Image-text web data
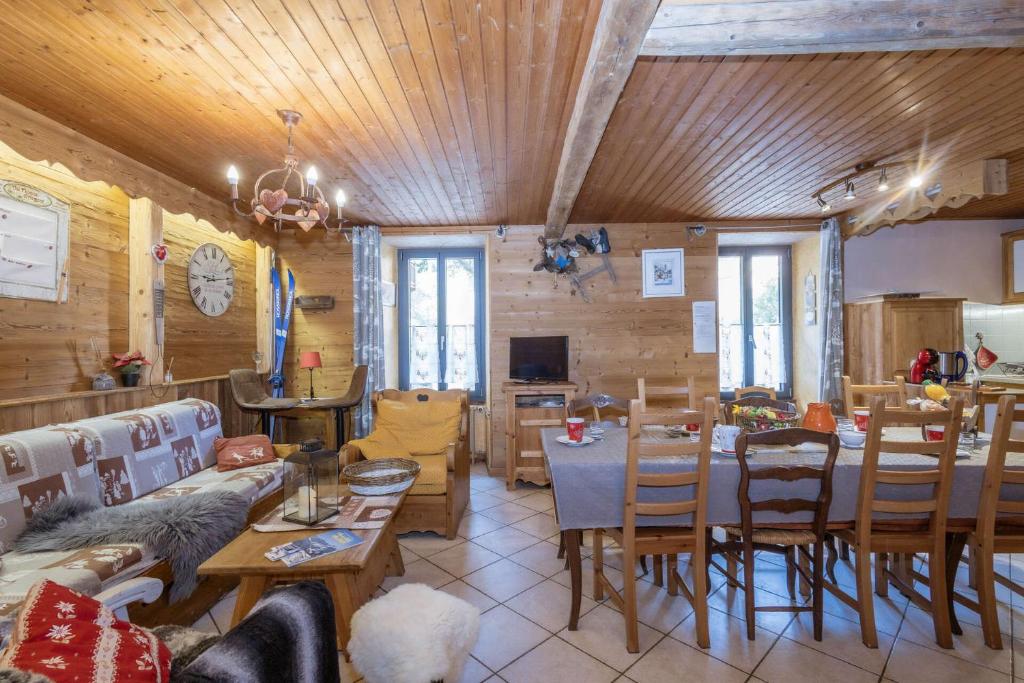 Résidence La Cordee - 3 pièces 2 cabines 10 personnes 3 exposé Sud-Est MAE-6234 - 3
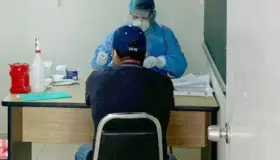 Atiende Salud a contagiados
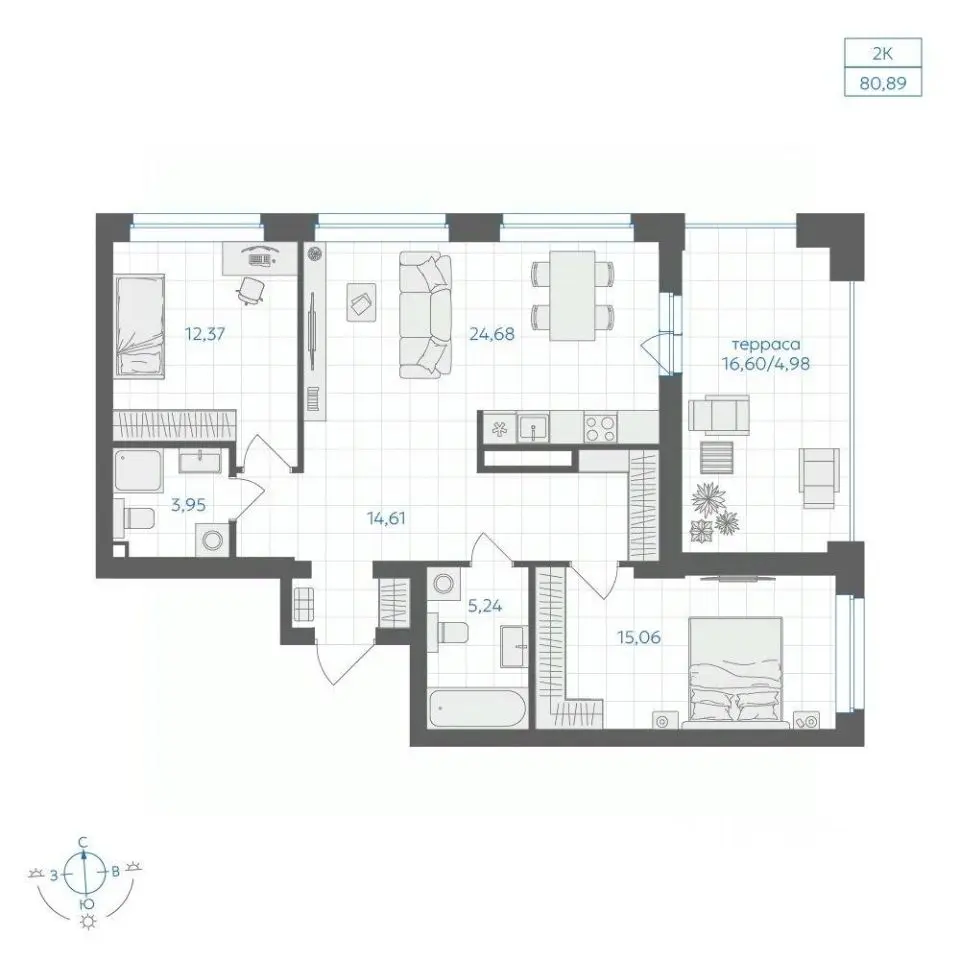 Планировка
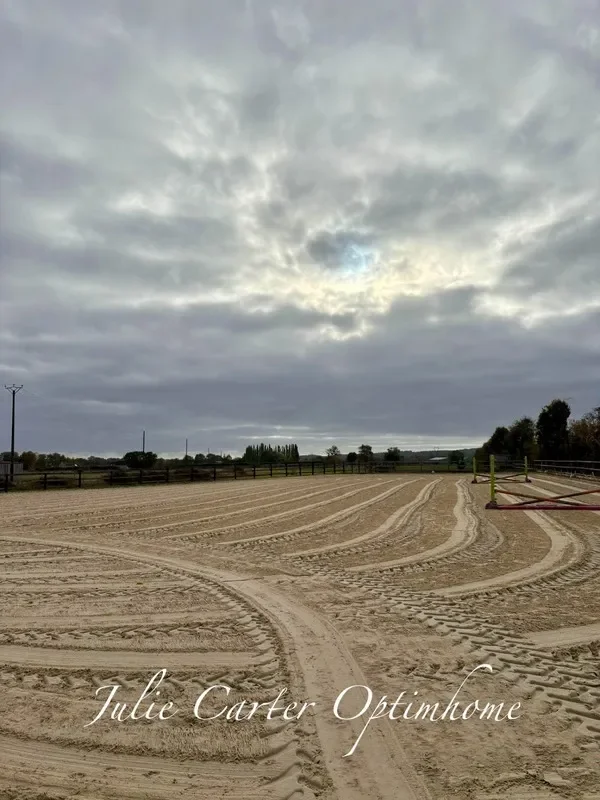 Avoine, Normandy, France. - Photo 27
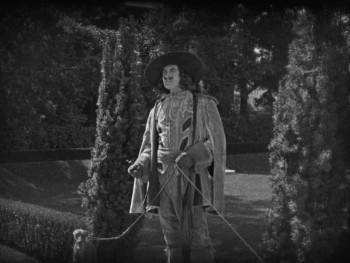 Screenshot 1 from The Three Musketeers (Full Movie)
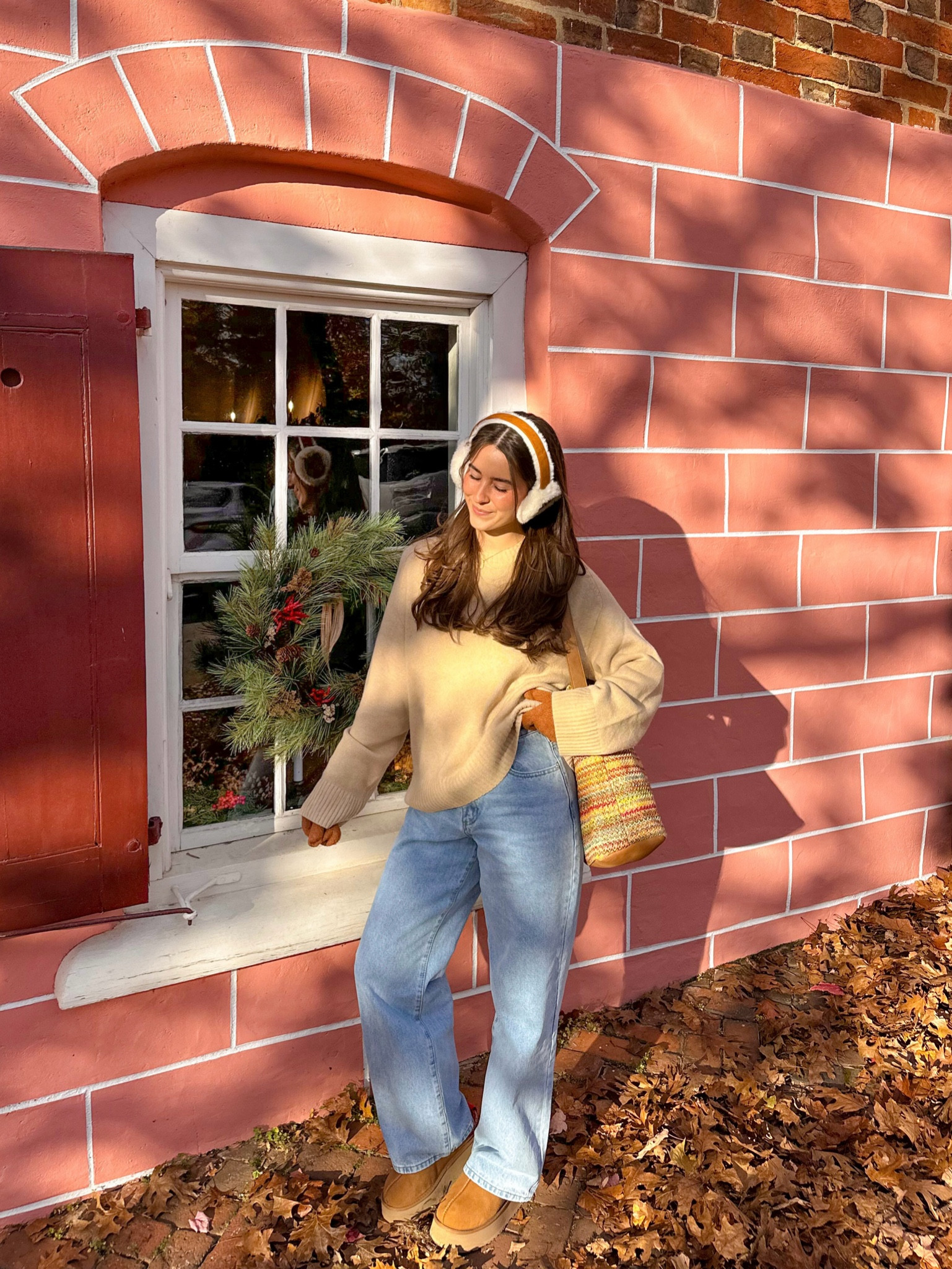 An early winter outfit🧸🎀

#LTKFindsUnder100 #LTKSeasonal #LTKHoliday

▸ **YOUR INSTRUCTIONS**:
For each record, return its text exactly and leave any picture out.

▸ **FINISHED TASK**:
 Résidence La Cordee - 3 pièces 2 cabines 10 personnes 3 exposé Sud-Est MAE-6234 - 3
 Atiende Salud a contagiados
 Планировка
 Avoine, Normandy, France. - Photo 27
 Screenshot 1 from The Three Musketeers (Full Movie)
 An early winter outfit🧸🎀

#LTKFindsUnder100 #LTKSeasonal #LTKHoliday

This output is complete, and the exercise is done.